Die neuen arbeitsschutzrechtlichen Rahmenbedingungen10 der COVID-19-Pandemie, die für einen Teil der von Krebserkrankungen Betroffenen gelten, die zur Risikogruppe (im Sinn der COVID-19-Risikogruppe-Verordnung, BGBl II 203/2020) zählen, sind für jenen Teil, der Homeoffice durchführen kann, hinsichtlich der wegfallenden Reisezeiten eine Erleichterung – ob der IT-Arbeitsplatz zuhause eine Erleichterung und Verbesserung darstellt, ist wohl schwieriger zu beantworten. Für jene Betroffenen, die nicht von einem Homeoffice aus arbeiten können, erleichtert die Risikogruppe-Rechtslage den Einstieg bzw. Wiedereinstieg in den Beruf zwar nicht, gewährt jedoch – falls die Voraussetzungen zur Arbeitsleistung im Betrieb nicht erfüllbar sind – unter den gesetzlichen Bedingungen einen Rechtsanspruch auf Dienstfreistellung bei vollem Entgeltfortzahlungsanspruch. Dieser Weg der Berücksichtigung gesundheitlicher Einschränkungen oder Gefährdungen durch kombinierte Entgeltmodelle (mit Entgeltanteilen der Arbeitgeber sowie Beiträgen der Sozialversicherungsträger) und Arbeits(zeit)adaptionen, der mit dem Wiedereingliederungsgeld erstmals klar gezeichnet wurde, wird nun während der Pandemie der Grundidee nach weitergetragen und wird hoffentlich als „Kollateralnutzen“ der Krise auch nach der Krise nicht verschwinden, sondern in bedarfsangemessener Form für genesen(d)e oder chronisch kranke Arbeitnehmer weiterentwickelt und verbessert werden.

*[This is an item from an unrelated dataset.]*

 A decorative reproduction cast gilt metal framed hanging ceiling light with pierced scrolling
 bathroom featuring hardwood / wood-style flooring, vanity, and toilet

Viele der gesetzten sozialpolitischen Maßnahmen sind erst seit vergleichsweise kurzer Zeit umgesetzt und wirksam. Verlässliche Kosten- und Nutzen-Erhebungen zu diesen Maßnahmen sind kaum verfügbar, das erschwert das politische Handeln erheblich – zu unser aller Nachteil.